## Extracted entries
####

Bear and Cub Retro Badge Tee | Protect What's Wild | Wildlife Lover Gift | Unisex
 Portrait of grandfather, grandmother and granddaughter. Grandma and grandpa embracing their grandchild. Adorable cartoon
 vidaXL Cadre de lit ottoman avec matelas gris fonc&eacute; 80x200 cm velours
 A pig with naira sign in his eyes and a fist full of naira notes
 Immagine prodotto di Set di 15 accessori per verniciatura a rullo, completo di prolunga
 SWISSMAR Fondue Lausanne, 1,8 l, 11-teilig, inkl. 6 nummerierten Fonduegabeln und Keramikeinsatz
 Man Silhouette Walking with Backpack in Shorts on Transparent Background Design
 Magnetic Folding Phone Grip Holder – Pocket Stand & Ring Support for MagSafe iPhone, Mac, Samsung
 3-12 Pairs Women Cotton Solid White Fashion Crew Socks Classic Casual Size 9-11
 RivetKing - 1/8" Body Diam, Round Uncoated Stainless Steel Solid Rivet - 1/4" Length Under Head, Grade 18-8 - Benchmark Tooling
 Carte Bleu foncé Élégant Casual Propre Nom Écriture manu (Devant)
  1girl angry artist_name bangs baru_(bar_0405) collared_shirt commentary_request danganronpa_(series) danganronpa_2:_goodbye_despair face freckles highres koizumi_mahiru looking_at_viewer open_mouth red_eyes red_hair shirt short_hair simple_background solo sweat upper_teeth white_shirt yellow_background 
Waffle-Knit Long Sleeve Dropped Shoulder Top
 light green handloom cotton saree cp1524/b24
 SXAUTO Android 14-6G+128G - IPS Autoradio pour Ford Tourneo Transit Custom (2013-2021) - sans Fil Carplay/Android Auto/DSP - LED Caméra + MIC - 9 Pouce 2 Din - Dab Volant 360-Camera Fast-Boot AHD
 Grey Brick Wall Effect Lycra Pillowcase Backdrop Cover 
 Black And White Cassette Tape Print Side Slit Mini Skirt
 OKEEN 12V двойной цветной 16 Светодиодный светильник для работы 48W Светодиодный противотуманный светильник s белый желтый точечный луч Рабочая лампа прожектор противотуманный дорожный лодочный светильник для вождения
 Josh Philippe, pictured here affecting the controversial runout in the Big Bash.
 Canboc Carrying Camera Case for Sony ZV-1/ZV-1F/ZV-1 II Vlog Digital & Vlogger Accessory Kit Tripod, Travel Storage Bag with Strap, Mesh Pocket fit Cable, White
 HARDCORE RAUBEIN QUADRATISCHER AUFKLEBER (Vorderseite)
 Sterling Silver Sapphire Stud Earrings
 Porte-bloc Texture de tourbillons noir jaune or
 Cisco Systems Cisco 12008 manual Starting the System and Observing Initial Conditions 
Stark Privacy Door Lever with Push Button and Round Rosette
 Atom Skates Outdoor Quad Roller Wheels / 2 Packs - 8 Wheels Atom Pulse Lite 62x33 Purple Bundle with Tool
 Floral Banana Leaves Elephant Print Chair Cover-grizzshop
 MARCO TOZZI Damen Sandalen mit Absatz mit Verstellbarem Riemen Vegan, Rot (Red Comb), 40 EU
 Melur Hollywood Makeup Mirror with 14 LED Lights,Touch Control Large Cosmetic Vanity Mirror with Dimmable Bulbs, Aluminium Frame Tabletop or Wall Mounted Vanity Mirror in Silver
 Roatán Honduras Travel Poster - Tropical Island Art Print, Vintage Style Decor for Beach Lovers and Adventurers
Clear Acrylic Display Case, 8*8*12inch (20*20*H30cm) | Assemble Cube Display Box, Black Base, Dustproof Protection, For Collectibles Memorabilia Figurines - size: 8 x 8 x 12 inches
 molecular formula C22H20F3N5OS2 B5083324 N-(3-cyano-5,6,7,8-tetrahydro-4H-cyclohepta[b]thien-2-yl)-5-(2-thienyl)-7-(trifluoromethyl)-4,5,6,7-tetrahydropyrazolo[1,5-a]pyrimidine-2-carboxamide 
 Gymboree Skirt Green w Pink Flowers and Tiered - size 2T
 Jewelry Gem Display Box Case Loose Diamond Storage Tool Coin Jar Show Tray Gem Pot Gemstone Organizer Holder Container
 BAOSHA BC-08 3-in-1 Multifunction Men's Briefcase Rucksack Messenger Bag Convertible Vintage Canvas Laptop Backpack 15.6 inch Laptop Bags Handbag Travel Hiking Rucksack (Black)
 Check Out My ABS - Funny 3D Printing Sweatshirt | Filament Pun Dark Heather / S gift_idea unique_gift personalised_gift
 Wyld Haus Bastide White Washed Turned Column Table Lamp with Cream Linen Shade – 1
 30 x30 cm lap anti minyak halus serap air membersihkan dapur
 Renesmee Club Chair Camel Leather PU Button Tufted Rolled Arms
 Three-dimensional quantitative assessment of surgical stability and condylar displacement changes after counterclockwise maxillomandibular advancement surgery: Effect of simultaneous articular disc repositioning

####

## Work item
Keep to the lines above, from the first one through the line where "A pig with naira" appears, and copy them exactly.

## Exercise result
Bear and Cub Retro Badge Tee | Protect What's Wild | Wildlife Lover Gift | Unisex
 Portrait of grandfather, grandmother and granddaughter. Grandma and grandpa embracing their grandchild. Adorable cartoon
 vidaXL Cadre de lit ottoman avec matelas gris fonc&eacute; 80x200 cm velours
 A pig with naira sign in his eyes and a fist full of naira notes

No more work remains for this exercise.